Except when I pretend I’m a French Duchess… but everyone does that, right?

But the idea has stuck with me, and I suppose that’s why the story of Shanti Devi interested me. It’s a compelling tale, and some researchers have even called it the best existing evidence for past lives and reincarnation.

Keanu Reeves is the second best evidence.

Shanti Devi was born in 1926 in Dehli, India. Shanti was a normal little girl, and her parents reported nothing strange about her upbringing. She learned to talk fairly quickly and seemed quite intelligent. When she turned four years old, though, things started to get a little weird. One day, out of the blue according to her parents, Shanti told them that she was not from Dehli, but a place called Mathura, about 90 miles away. Not only that, but she also claimed to be married, which is definitely not something you want to hear from your young kid.

“I need a carton of Virginia Slims if you’re headed out to the store, too.”

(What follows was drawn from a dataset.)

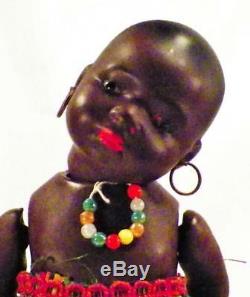 African American Black Bisque Head Doll Ernst Heubach 399 Native Antique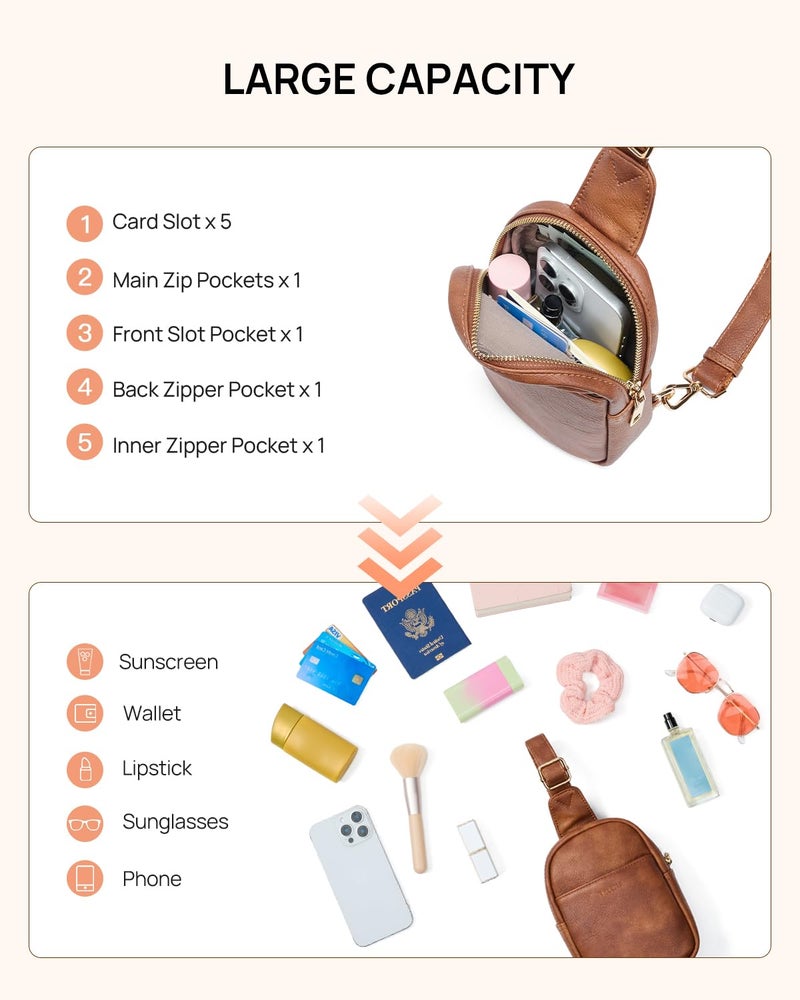 Telena Crossbody Bags for Women Leather Cross Body Sling Bag for Woman Travel Mocha Brown - Image 3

Shockingly, her parents weren’t receptive to her claims and just assumed she was being fanciful. When she ran away from home at the age of six, trying to hitch a ride to Mathura, they got a little more concerned. Shanti even made the claims to her school teacher, adding that she had a child, as well, but that she had died ten days after its birth. Her teacher, unimpressed, took her to the school’s headmaster, presumably for disciplinary action.

“School is for learning how to perform better on standardized tests, nothing else!”

The headmaster, however, became interested in Shanti’s story after she began using words in the Mathura dialect (which he felt she could not have possibly known) and told him the name of her husband, a merchant named Kedar Nath.

That’s a Jedi name if I ever heard one.

The headmaster, who must have been a pretty gullible dude to buy into a school girl’s weird stories, looked into Shanti’s story and found that there really was a Kedar Nath in the Mathura area. He contacted Nath, who confirmed that he had indeed had a wife, Lugdi Devi, who had given birth to a son nine years ago, but died ten days after childbirth. The headmaster told Nath the story Shanti had told him, and Nath was dumbstruck by the news.

A few weeks later, he travelled to Dehli and visited Shanti, claiming to be Kedar Nath’s brother. However, Shanti immediately knew who he was and began recounting stories and incidents from Lugdi Devi’s life that Nath claimed Shanti could not possibly have known, and he quickly came to believe that Shanti was the reincarnation of his dead wife.

The tale eventually came to the attention of none other than Ghandi himself, who commissioned an investigation into the story.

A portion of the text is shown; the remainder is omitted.